Он снова поднял на нее глаза.
– Хорошо, Кэте, – сказал он немного погодя. – Как только пожелаете.
Он встал. Она проводила его до двери. Прислонилась к косяку, тоненькая, хрупкая, какая-то вся почти прозрачная, с шелковисто-пергаментной кожей, которую, казалось, тронь – и она зашуршит. Глаза, очень ясные, стали как будто больше, чем прежде. Она подала ему руку. Ладонь была сухая и горячая.
– Почему вы не сказали мне, что с мной? – легко, как бы между прочим, словно о погоде, спросила она.
Он посмотрел ей прямо в глаза и ничего не ответил.
– Я бы выдержала, – сказала она, и легкая ироничная улыбка, впрочем, без тени укора, скользнула по ее лицу. – Прощайте, Равич.

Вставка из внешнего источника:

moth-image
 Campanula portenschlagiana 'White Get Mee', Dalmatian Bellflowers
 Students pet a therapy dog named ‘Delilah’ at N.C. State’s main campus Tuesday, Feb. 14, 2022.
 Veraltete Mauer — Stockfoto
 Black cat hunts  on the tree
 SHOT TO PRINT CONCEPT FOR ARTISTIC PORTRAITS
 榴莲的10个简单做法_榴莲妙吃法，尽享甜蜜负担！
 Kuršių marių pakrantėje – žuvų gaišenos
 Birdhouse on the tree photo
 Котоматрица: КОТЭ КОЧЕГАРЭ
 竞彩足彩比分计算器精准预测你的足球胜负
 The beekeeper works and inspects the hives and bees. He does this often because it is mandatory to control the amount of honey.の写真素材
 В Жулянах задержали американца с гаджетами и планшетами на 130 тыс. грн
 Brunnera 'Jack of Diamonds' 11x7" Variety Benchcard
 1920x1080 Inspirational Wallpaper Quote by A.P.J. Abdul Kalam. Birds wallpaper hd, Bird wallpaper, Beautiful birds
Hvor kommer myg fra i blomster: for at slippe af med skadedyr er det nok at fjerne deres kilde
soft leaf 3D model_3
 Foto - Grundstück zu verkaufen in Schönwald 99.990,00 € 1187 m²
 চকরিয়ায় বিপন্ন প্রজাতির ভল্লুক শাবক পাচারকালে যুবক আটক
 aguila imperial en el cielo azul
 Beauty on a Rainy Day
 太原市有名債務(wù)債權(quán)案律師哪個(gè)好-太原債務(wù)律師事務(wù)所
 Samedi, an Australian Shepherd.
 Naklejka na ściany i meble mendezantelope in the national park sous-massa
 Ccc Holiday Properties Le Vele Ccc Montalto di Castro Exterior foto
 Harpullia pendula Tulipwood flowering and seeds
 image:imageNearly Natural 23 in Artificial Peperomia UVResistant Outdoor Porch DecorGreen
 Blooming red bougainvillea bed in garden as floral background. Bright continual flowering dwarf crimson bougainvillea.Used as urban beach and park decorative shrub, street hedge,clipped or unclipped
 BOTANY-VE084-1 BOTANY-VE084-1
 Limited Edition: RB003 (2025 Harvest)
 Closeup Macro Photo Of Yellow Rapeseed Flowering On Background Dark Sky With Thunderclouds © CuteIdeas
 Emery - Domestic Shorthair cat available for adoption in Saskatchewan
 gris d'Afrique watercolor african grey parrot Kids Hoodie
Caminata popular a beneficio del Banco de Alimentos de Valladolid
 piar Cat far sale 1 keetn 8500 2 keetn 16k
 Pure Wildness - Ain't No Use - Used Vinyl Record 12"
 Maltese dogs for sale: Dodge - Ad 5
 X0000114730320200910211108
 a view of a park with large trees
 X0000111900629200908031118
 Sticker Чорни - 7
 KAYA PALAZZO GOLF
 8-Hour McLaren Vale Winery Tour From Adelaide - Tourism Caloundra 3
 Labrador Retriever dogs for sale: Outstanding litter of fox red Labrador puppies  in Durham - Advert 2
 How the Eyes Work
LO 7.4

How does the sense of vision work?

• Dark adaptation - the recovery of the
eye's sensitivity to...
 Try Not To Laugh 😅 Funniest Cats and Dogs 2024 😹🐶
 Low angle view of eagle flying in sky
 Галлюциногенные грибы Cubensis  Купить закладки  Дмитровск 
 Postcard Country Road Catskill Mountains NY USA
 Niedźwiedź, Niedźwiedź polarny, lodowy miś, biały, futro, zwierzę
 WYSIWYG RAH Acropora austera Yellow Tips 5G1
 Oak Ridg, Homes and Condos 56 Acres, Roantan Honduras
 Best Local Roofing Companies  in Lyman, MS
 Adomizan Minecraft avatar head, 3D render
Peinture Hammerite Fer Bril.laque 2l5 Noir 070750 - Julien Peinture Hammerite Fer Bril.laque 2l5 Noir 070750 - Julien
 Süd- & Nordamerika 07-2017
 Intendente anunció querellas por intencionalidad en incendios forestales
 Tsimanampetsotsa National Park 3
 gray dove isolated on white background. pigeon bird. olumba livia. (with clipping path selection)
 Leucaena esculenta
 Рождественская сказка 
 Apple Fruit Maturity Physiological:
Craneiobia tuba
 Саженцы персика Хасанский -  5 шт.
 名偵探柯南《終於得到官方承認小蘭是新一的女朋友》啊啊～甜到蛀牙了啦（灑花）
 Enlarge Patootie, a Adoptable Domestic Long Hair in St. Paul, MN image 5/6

Человек без желудка умер. Трое суток он стонал, мучался, и даже морфий ему уже почти не помогал. Равич и Вебер знали, что он умрет. Они вполне могли бы избавить его от этих трехдневных мучений. Но не избавили, ибо религия, проповедующая любовь к ближнему, возбраняет сокращать страдания человеческие. И ее в этом строжайше поддерживает закон.
– Родственникам телеграфировали? – спросил Равич.
– У него нет родственников.
– Но друзья, знакомые?
– Никого нет.
– Вообще никого?
– Никого. Приходила консьержка из его подъезда. Он даже писем не получал – только рекламу и медицинские проспекты о вреде алкоголизма, туберкулеза, венерических болезней и тому подобное. Его ни разу никто не навестил. За операцию и месяц пребывания в клинике заплатил вперед. Ну да, переплатил за две недели. Консьержка утверждала, будто он обещал оставить ей все, что имеет, потому что она якобы о нем заботилась. И на этом основании всерьез рассчитывала получить обратно деньги за две недели. Послушать ее, так она была ему как мать родная. Поглядели бы вы на эту мамашу. Уверяла, будто кучу своих денег на него потратила. Якобы даже платила за него за квартиру. Я ей на это сказал: если он здесь все оплатил заранее, не вижу причин, почему он и с квартирой должен был поступить иначе. А вообще лучше ей с этим обратиться в полицию. Тут она меня прокляла.
– Деньги, – вздохнул Равич. – Деньги развивают в человеке изобретательность.
Вебер рассмеялся.
– Надо уведомить полицию. Дальнейшее уже забота властей. Включая похороны.
Равич бросил прощальный взгляд на бедолагу без родни и без желудка. Он лежал, уже бездыханный, но лицо его за последний час переменилось сильнее, чем за все тридцать пять лет жизни. Сквозь судорожную натугу последнего вздоха теперь медленно и непреклонно проступал строгий лик смерти. Все случайное таяло и отпадало, последние следы мучительного умирания сходили на нет, и вместо мелких, заурядных, искаженных страданием черт – отрешенная, безмолвная, вступала в свои права маска вечности. Еще через час только она и останется.